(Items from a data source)
___

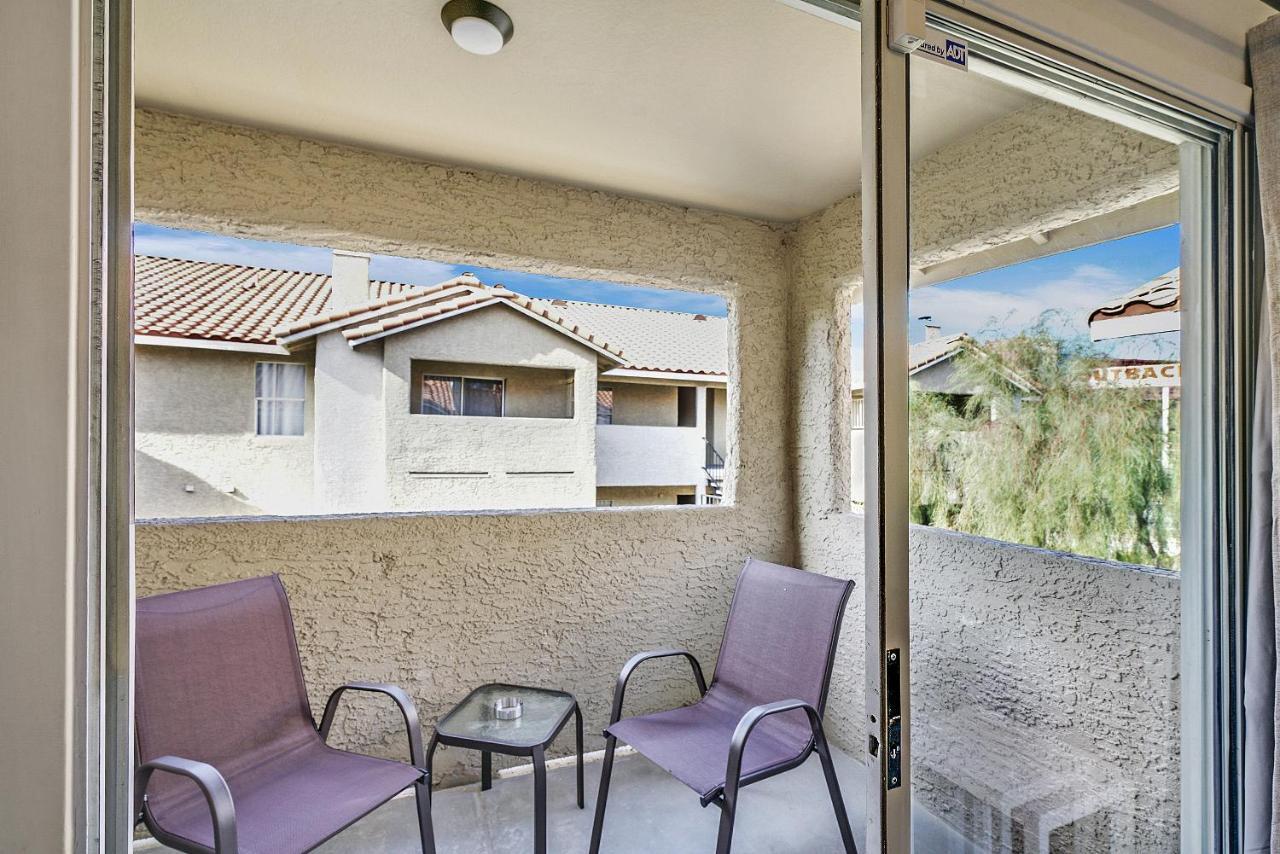 Condo Close To Strip And Raiders Stadium Las Vegas Exterior photo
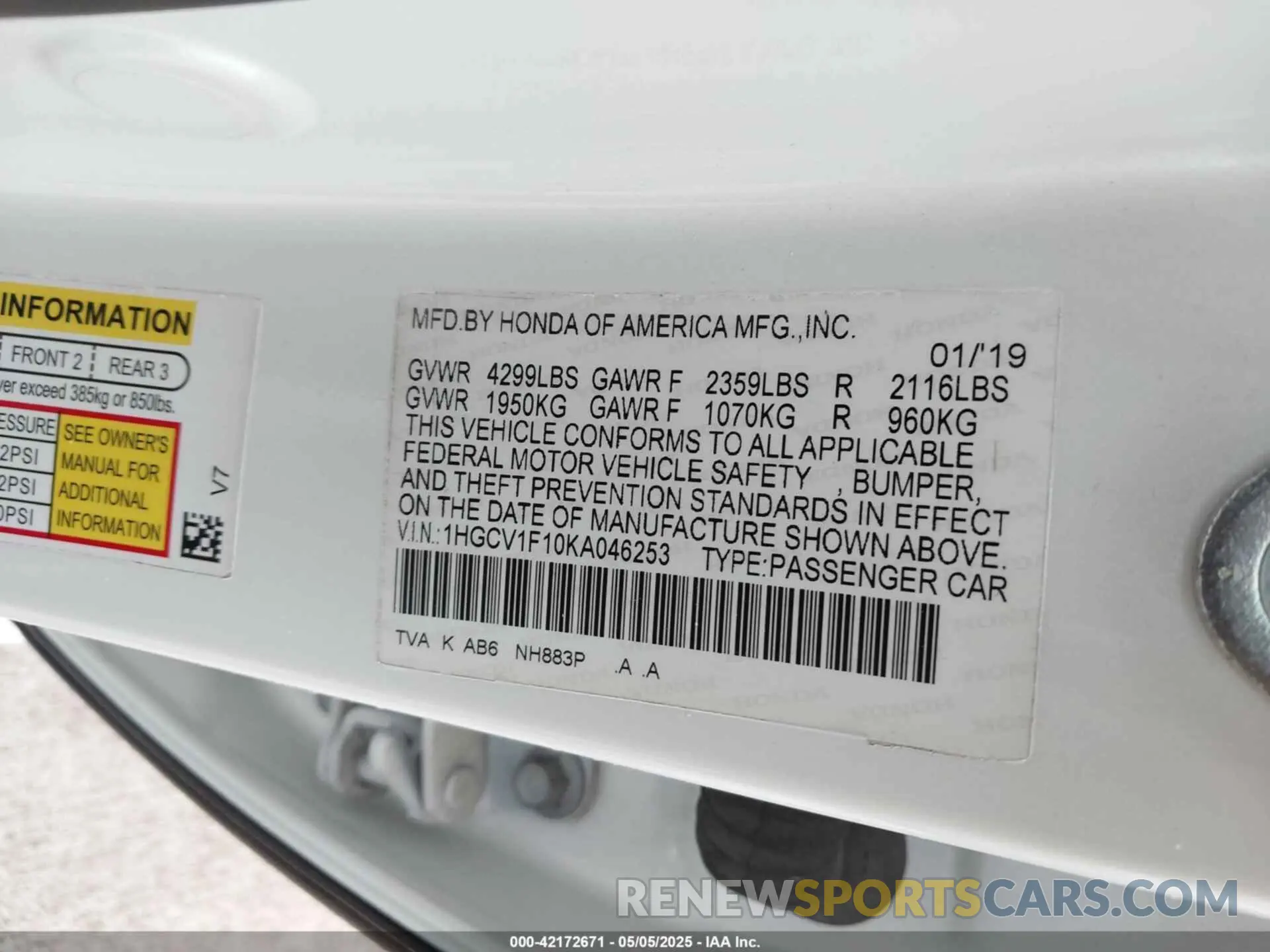 9 fotografías del automóvil dañado 1HGCV1F10KA046253 HONDA ACCORD 2019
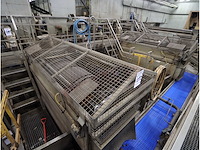 Aardappel intake/was en sorteerlijn - afbeelding 24 van  48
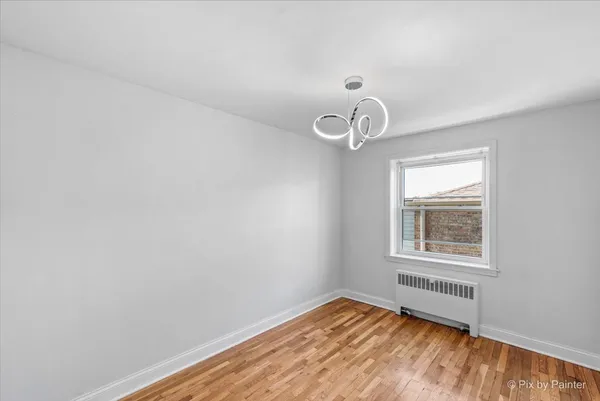 $2,100 | 2727 West Berwyn Avenue, Unit 3, Chicago, IL 60625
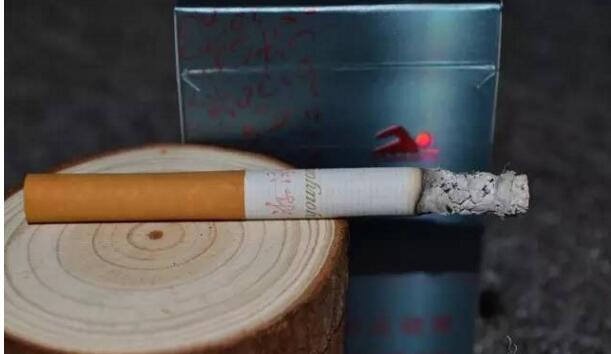 黃鶴樓游泳回歸，爺爺輩最喜愛的香煙品牌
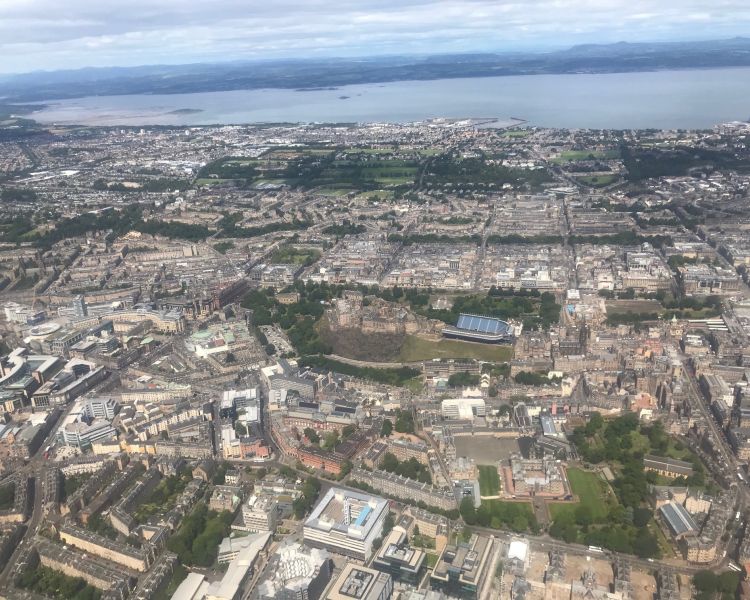 30 minute edinburgh helicopter sightseeing tour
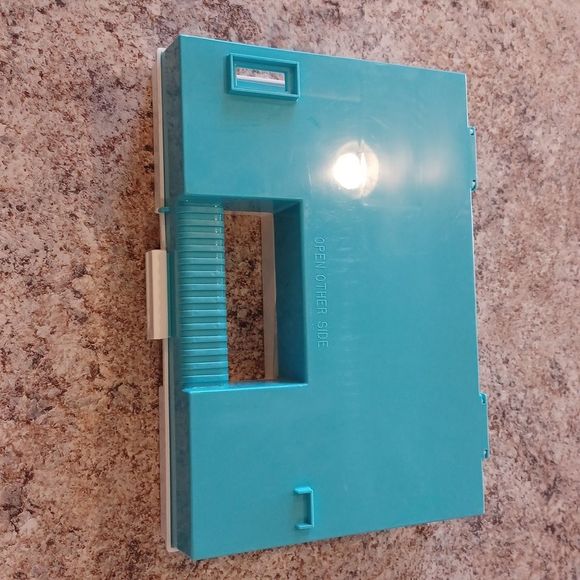 Vintage White Cross Emergency First Aid Kit~ Copyright 1965 - Picture 9 of 16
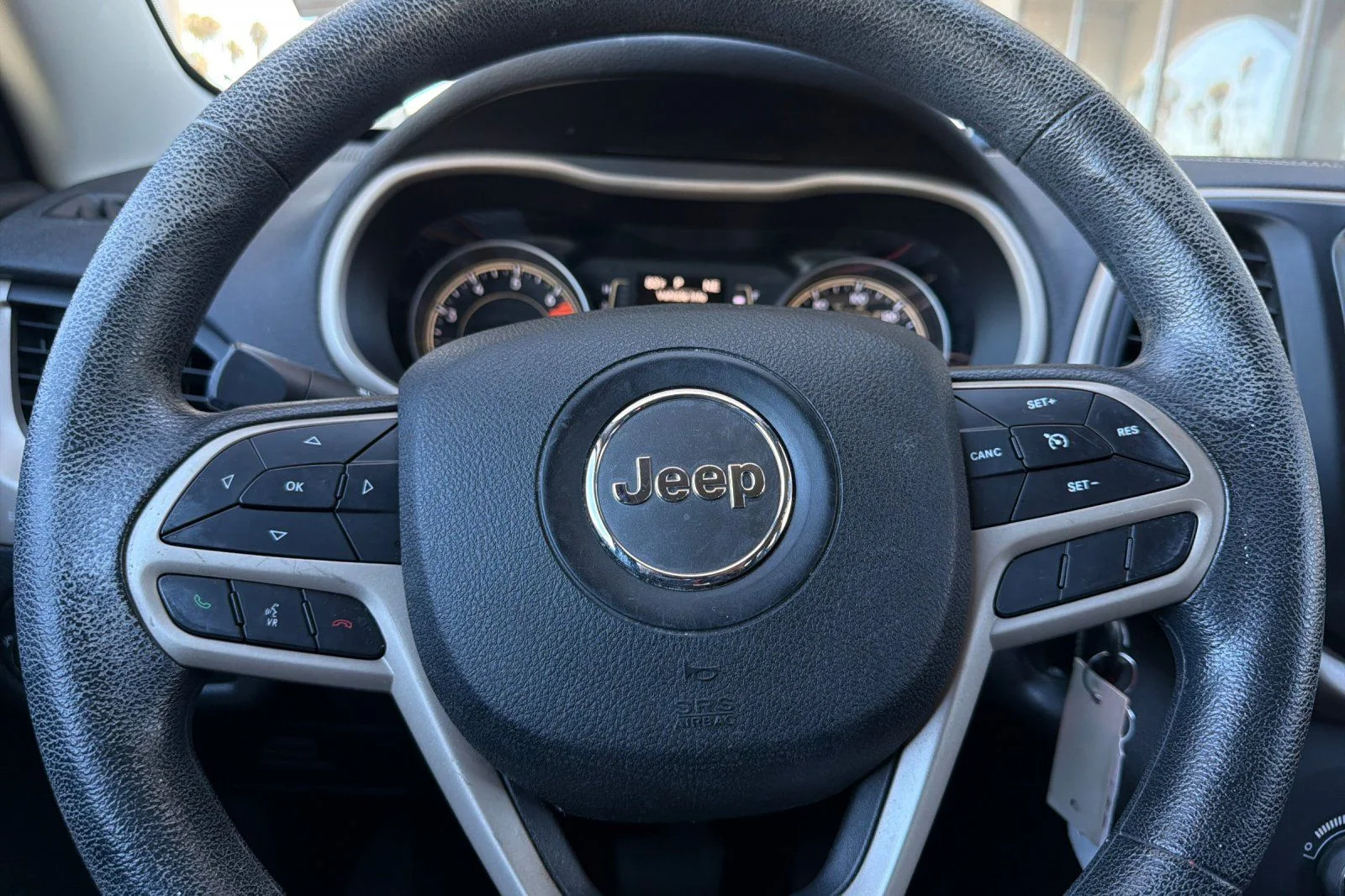 Used 2018 Silver Jeep Latitude image 24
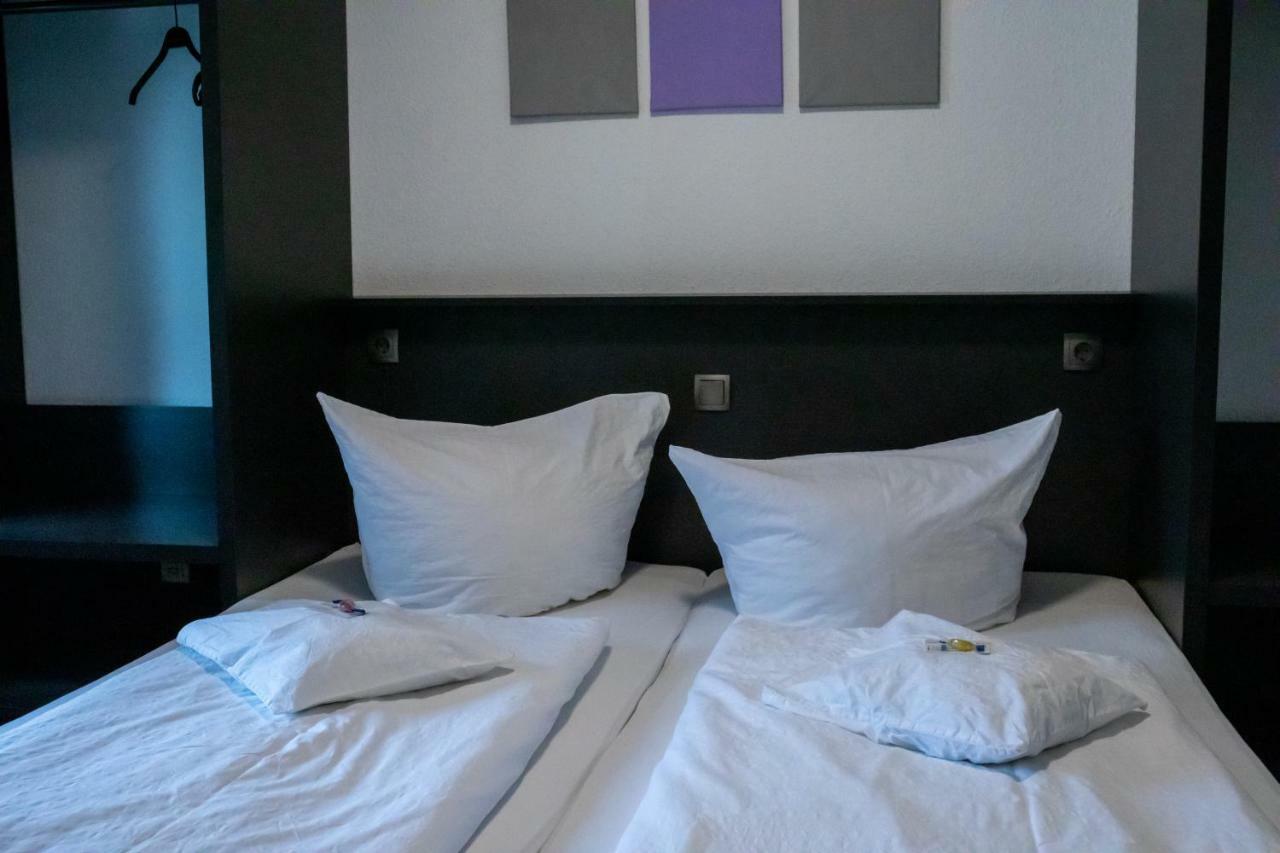 مندن Hotel Central المظهر الخارجي الصورة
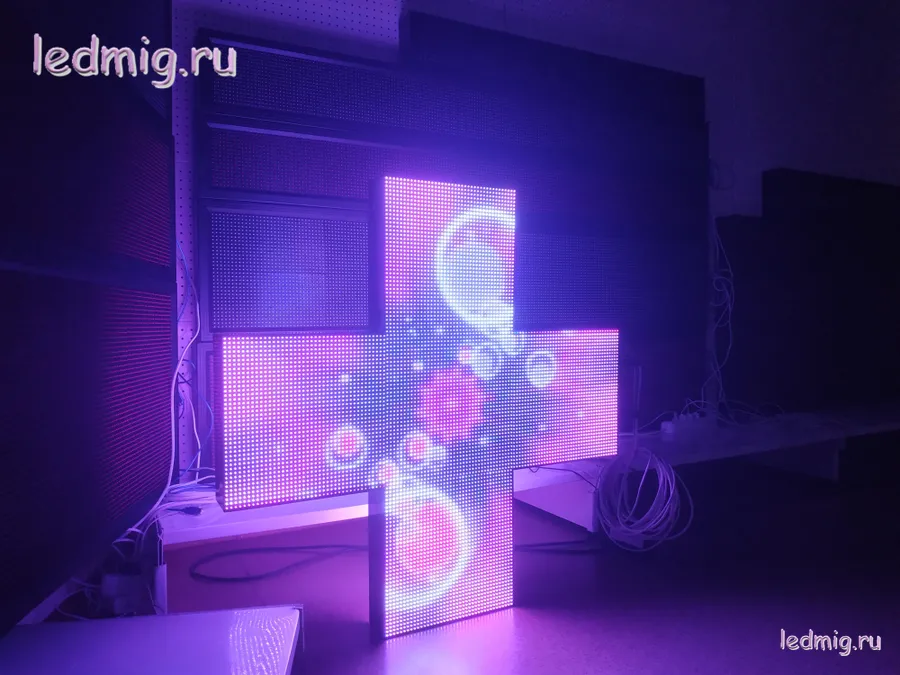 Фото аптечного креста метр на метр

___

▶ **REQUIRED ACTION**
Set down the entries above again exactly, minus any image.

▶ **RESPONSE TO THIS EXERCISE**
 Condo Close To Strip And Raiders Stadium Las Vegas Exterior photo
 9 fotografías del automóvil dañado 1HGCV1F10KA046253 HONDA ACCORD 2019
 Aardappel intake/was en sorteerlijn - afbeelding 24 van  48
 $2,100 | 2727 West Berwyn Avenue, Unit 3, Chicago, IL 60625
 黃鶴樓游泳回歸，爺爺輩最喜愛的香煙品牌
 30 minute edinburgh helicopter sightseeing tour
 Vintage White Cross Emergency First Aid Kit~ Copyright 1965 - Picture 9 of 16
 Used 2018 Silver Jeep Latitude image 24
 مندن Hotel Central المظهر الخارجي الصورة
 Фото аптечного креста метр на метр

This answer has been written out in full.